Editorial: Rummy’s failing memory
Friday, June 23, 2006 | 7:18 a.m.
It took the Pentagon a year to honor a newspaper's request, made under the Freedom of Information Act, to have a transcript released of an interview that Pentagon investigators conducted with Defense Secretary Donald Rumsfeld regarding the department's overall purchase practices, including a $30 billion defense procurement scandal. Now we know why there was such foot-dragging in releasing the information.
According to a recent story by The Washington Post, which had filed the FOIA request, Rumsfeld told investigators for the Pentagon's inspector general that his poor memory and distraction with wars in Iraq and Afghanistan were reasons he didn't know why his department spent $30 billion to lease tanker aircraft that his own experts had said were not needed.
The transcript gives some insight as to why reports by the Government Accountability Office and Pentagon's inspector general have concluded that the Defense Department's method of buying new weapons is in shambles.
In an April memo, David Walker, the U.S. comptroller general, said that the Defense Department is not able to deliver quality weapons on time, the Post reported.
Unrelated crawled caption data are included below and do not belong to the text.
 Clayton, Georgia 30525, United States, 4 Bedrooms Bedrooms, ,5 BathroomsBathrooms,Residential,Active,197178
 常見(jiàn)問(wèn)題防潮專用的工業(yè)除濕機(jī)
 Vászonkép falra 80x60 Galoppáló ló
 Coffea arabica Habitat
Walker cited a "long-standing record" of missed deadlines and significant cost overruns that have occurred because "there hasn't been any accountability."
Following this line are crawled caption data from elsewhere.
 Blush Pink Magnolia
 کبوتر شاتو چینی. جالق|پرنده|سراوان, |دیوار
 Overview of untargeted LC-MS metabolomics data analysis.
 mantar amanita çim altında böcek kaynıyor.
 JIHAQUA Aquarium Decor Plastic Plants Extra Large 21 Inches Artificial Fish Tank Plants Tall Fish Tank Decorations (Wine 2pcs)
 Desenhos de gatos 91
Rumsfeld - a former business executive who once issued "rules" that include, "Be precise - lack of precision is dangerous" - told investigators that he "may very well have" authorized the tanker purchase. But he was unsure because he was focused on the wars in Iraq and Afghanistan, rather than how the department under his direction was spending billions.
As this rudderless war in Iraq continues with its bloated budget and a sickening death toll, it is stunning that the U.S. defense secretary considers himself too busy to sweat $30 billion details. Such failures, in Rumsfeld's own words, "are dangerous." Under the Bush administration, evidently, they are acceptable.